Rousseff será a segunda mulher (depois de Indira Gandhi, que governou a
Índia, um país com mais de 1 bilhão de habitantes) a dirigir uma das
maiores democracias do mundo. A nova presidente do Brasil nunca havia se
candidatado a nenhuma eleição até que Lula a impôs como candidata
presidencial do Partido dos Trabalhadores (ao qual se havia filiado há
poucos anos) e se obstinou a conseguir que triunfasse com 56% dos votos,
frente ao muito mais experiente José Serra, líder da oposição
socialdemocrata.
Dilma tem pela frente um dos anos mais difíceis em muitas décadas para o
conjunto do mundo e um dos mais excitantes e promissores para a
história de seu próprio país. Mover-se nessa contradição exigirá dela
uma inteligência e uma responsabilidade muito especiais. Em meio à
instabilidade geral, o Brasil pode aproveitar a nova década para
aumentar seu papel como uma das grandes potências emergentes. Tem quase
tudo que necessita para isso, inclusive enormes jazidas de petróleo (o
chamado pré-sal, descoberto recentemente), e uma fabulosa capacidade
agrícola, com os quais pode financiar sua definitiva decolagem
industrial; além disso, tem um estado de ânimo otimista e uma população
certa de ter ao alcance a possibilidade de melhorar sua vida e a de seus
filhos. O que aconteceu em outros países demonstra que tudo isso não
basta: é preciso ter também um governo que acerte e políticos hábeis,
comprometidos com objetivos claros.
Equipe feminina
Rousseff sempre se declarou feminista. A campanha e os duros ataques
da oposição por seu pretenso apoio ao direito das mulheres de abortar
levaram-na a adotar posições ambíguas. Mesmo assim, em seu primeiro
discurso afirmou que sentia um compromisso especial com as mulheres de
seu país e com o reconhecimento de seus direitos, sem maiores
detalhamentos. Em seu primeiro governo figurarão várias mulheres, entre
elas a economista Tereza Campello, a socióloga Luiza Helena de Bairros, a
jornalista Helena Chagas e a cantora e compositora Ana de Hollanda,
irmã de Chico Buarque, além de políticas como Miriam Belchior, Izabella
Teixeira e a senadora Ideli Salvati.
Rousseff, 63, parece reunir essas condições, mas também precisará de
habilidades muito especiais porque o Brasil é um país muito complicado
politicamente, no qual o presidente tem obrigação de fazer extenuantes
alianças e acordos continuamente. Lula, seu mentor, quase sempre
conseguiu, apoiado em uma popularidade imbatível e em uma formidável
capacidade pessoal de diálogo e enredo político. Esse será o grande
desafio de sua sucessora, que tem muita experiência como gestora e
negociadora no âmbito econômico, mas muito pouca no campo da política
direta. Ademais, Lula sempre foi capaz de manter-se acima das acusações
de corrupção e nepotismo que perseguiram muitos membros de sua
administração (chegaram a apelida-lo de "Teflon", pois nada aderia a
ele), enquanto Dilma demonstrou ser muito mais vulnerável a essas
recriminações. De fato, durante a campanha eleitoral sofreu o impacto
das acusações de corrupção lançadas contra seu braço direito, Erenice
Guerra, que teve de pedir demissão para esfriar o escândalo.

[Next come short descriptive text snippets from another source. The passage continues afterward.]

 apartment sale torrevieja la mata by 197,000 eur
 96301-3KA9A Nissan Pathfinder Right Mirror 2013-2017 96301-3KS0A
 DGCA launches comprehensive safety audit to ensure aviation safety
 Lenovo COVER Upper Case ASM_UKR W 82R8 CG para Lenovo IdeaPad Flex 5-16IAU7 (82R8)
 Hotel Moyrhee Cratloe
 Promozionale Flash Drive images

Desde que foi eleita, em segundo turno, no dia 31 de outubro, Rousseff
se dedicou a organizar o gabinete com o qual dará início à sua
presidência. Todos os olhos estavam voltados para a equipe econômica,
que foi fechada nesta mesma semana. A maioria dos analistas brasileiros
considera que as nomeações-chave garantem a continuidade da linha
seguida tanto por Lula quanto por seu antecessor, Fernando Henrique
Cardoso, mas que a mão de Dilma não tremeu na hora de se assegurar que
será ela, a presidente, que sempre controlará a situação. "Até agora
existiu um comandante no Ministério da Fazenda e outro no Banco Central.

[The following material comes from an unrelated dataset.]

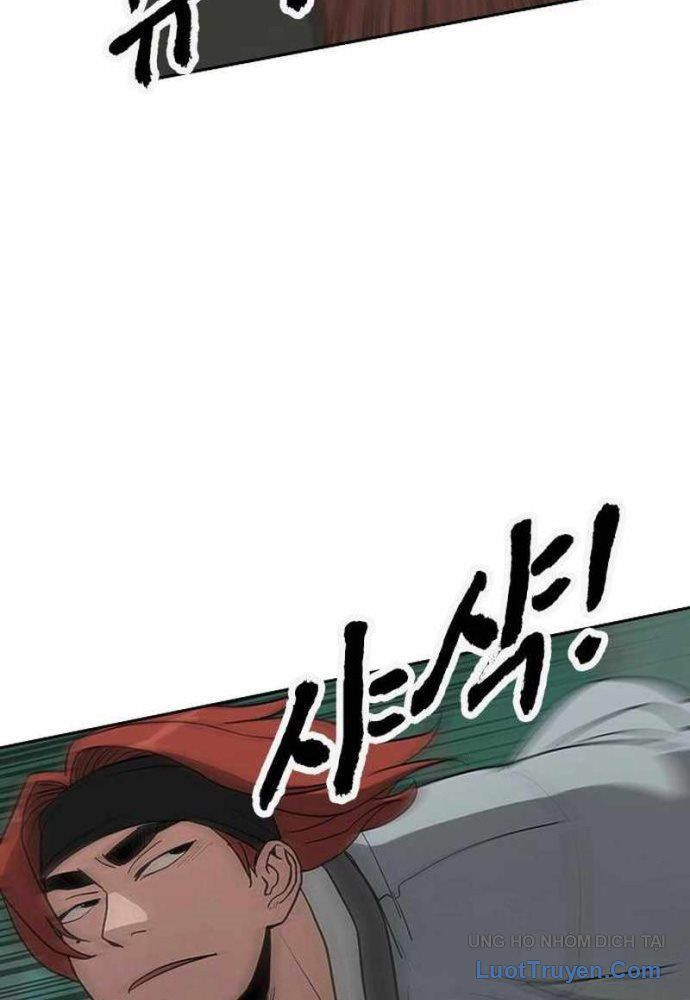 Thần Chết Bậc Thầy Của Âm Giới Chapter 5 - 27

Agora deverá haver somente um chefe: Dilma", explicou o economista
Roberto Troster, imediatamente após serem divulgadas as nomeações.
Lula a conheceu em 2002, quando ela era uma economista de 54 anos,
especializada em assuntos de energia. "Levava sempre a tiracolo um
computador onde pareciam estar todos os dados, todos os projetos e todas
as perguntas", explicou anos depois a uma revista brasileira. Nesse
mesmo ano a chamou para assumir a pasta de Energia, e desde então ela
nunca mais deixou de estar a seu lado, como chefe de sua Casa Civil ou
diretamente como sua herdeira. Gilberto Carvalho, um peculiar e poderoso
personagem da política brasileira, contou que ela era a pessoa com a
qual Lula mais havia falado ao longo desses anos, todos os dias, várias
vezes ao dia, inclusive nas férias. "Quando a escolheu como sucessora,
ele sabia o que estava fazendo e o que Dilma pensava", garantiu.

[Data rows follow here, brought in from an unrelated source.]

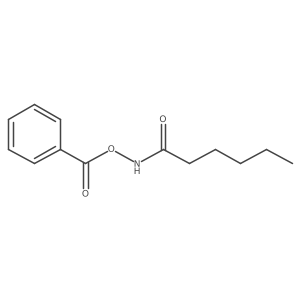 32621-54-8 structure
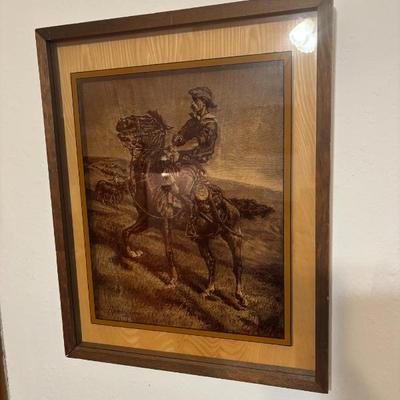 Sale Photo Thumbnail #117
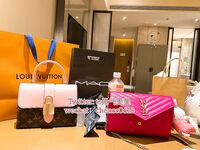 炸裂高能预警！比女人还女人美若天仙极品TS娘【橙醤小甜心TS元气美美】私拍，可盐可甜口活啪啪技术一流直男最爱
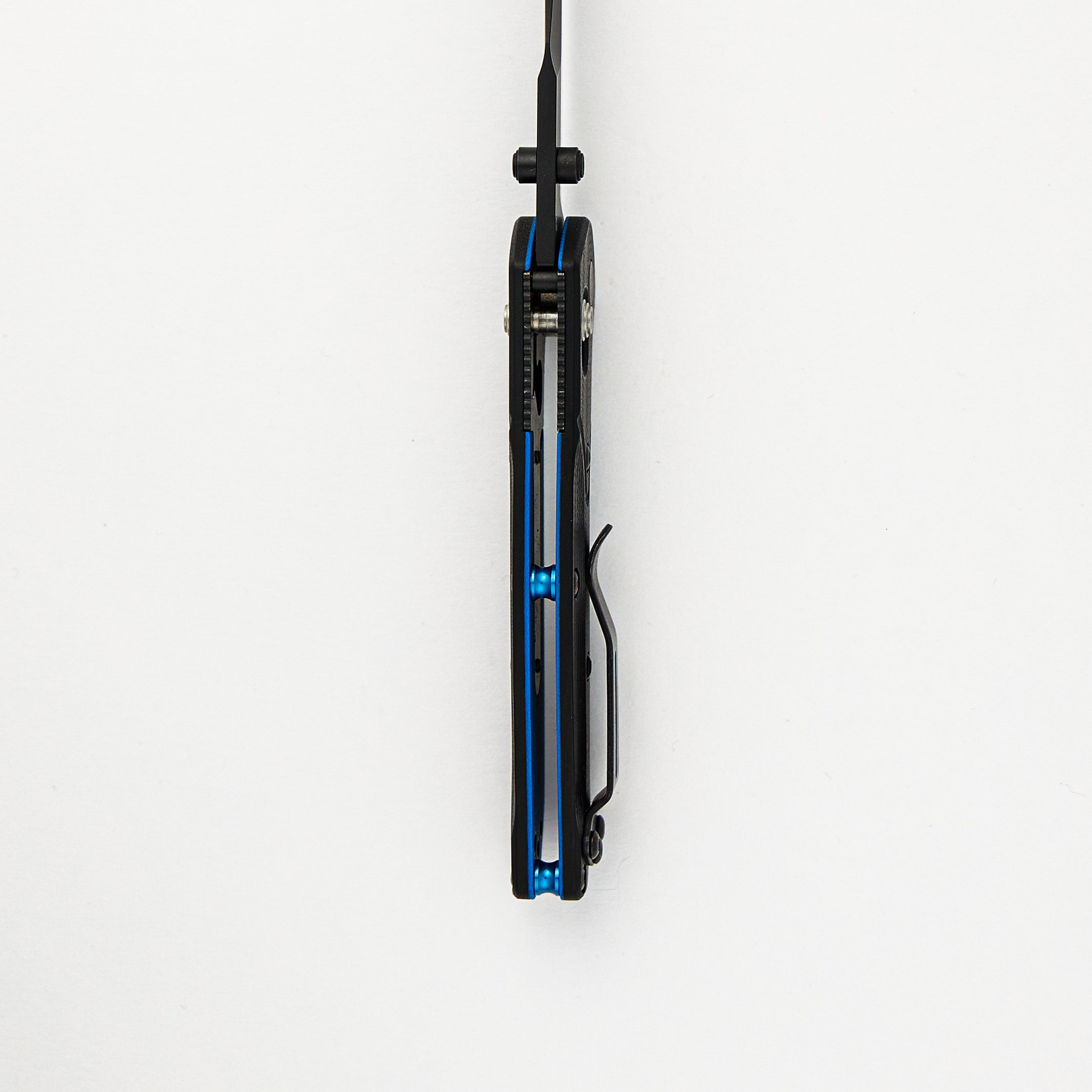 Mini Osborne 945BK-1 (Osborne Design)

Em seu primeiro discurso, na mesma noite de sua vitória eleitoral,
Dilma Rousseff já indicou algumas de suas ideias para impulsionar uma
nova etapa de desenvolvimento no Brasil. "Não podemos contar com o
empurrão das nações mais desenvolvidas, que estão atravessando uma
enorme crise. Só podemos contar com nossas próprias políticas, nosso
próprio mercado, nossas próprias decisões". A nova presidente é uma
administradora séria, mas deixou claro desde o primeiro momento que seu
trabalho não consistirá somente nisso. "Nosso grande objetivo é eliminar
a pobreza e elevar o nível de educação dos brasileiros e brasileiras",
prometeu, embora não tenha dado um prazo para esse compromisso de tirar
da miséria os 21 milhões de brasileiros que ainda estão abaixo dos
níveis mínimos de renda. "Não aceitarei que os ajustes afetem os
programas sociais, os serviços essenciais ou os investimentos
necessários", afirmou. "Ninguém nunca colocou em dúvida sua paixão
social, sua determinada vontade de cumprir, através de métodos
escrupulosamente democráticos, objetivos de sua juventude", assegurava
na campanha eleitoral uma de suas assistentes pessoais.